Deep Semi-Supervised Learning with Holistic methods (SSLH)

Unofficial PyTorch and PyTorch-Lightning implementations of Deep Semi-Supervised Learning methods for audio tagging.

There is 4 SSL methods :

FixMatch (FM) [1]
MixMatch (MM) [2]
ReMixMatch (RMM) [3]
Unsupervised Data Augmentation (UDA) [4]

For the following datasets :

With 3 models :

IMPORTANT NOTE: The implementation of Mean Teacher (MT), Deep Co-Training (DCT) and Pseudo-Labeling (PL) are present in this repository but not fully tested.

You can find a more stable version of MT and DCT at https://github.com/Labbeti/semi-supervised. The datasets AudioSet and FSD50K are not officially supported.
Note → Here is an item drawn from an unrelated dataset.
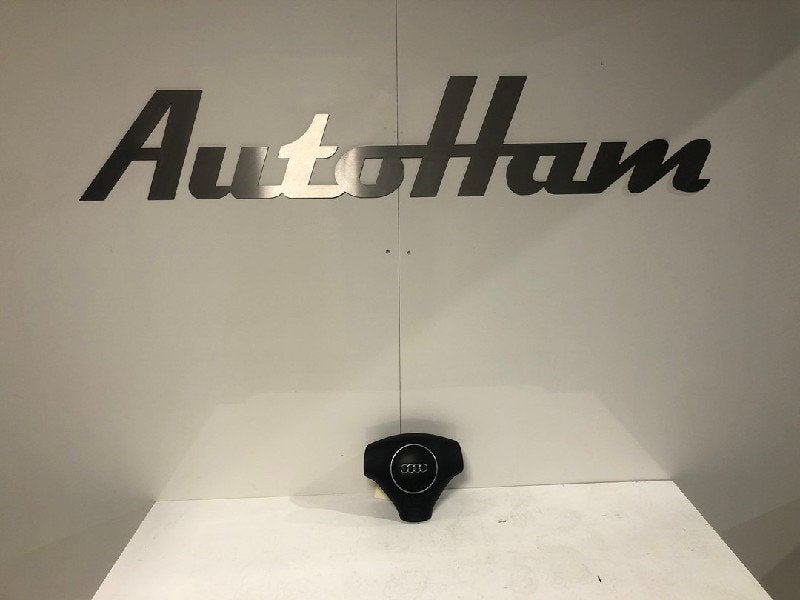 AIRBAG VOLANT Audi A3 (8P1) (|8E0880201CR6PS|8E0880201CR|), Utilisé, Audi
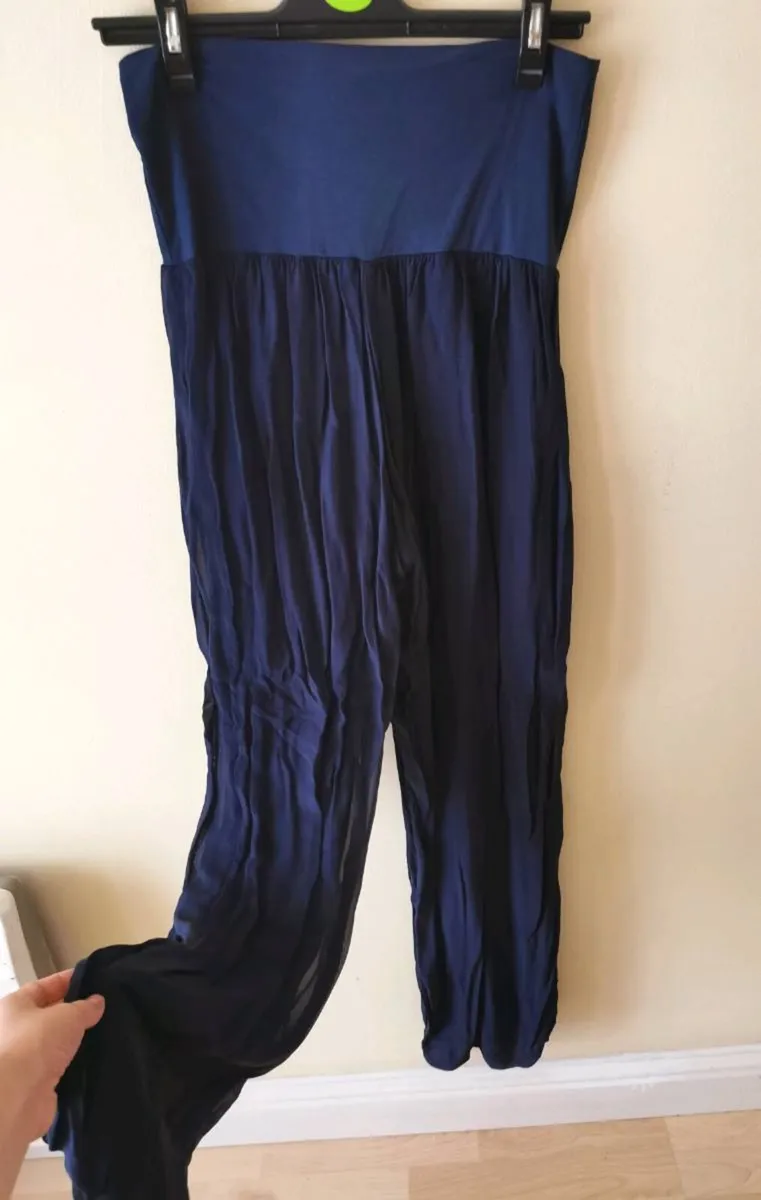 Maternity pants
If you meet problems to run experiments, you can contact me at [email protected].

Installation

Download & setup

git clone https://github.com/Labbeti/SSLH
conda env create -n env_sslh -f environment.yaml
conda activate env_sslh
pip install -e SSLH --no-dependencies

Alternatives

As python package :

pip install https://github.com/Labbeti/SSLH

The dependencies will be automatically installed with pip instead of conda, which means the the build versions can be slightly different.

The project contains also a environment.yaml and requirements.txt for installing the packages respectively with conda or pip.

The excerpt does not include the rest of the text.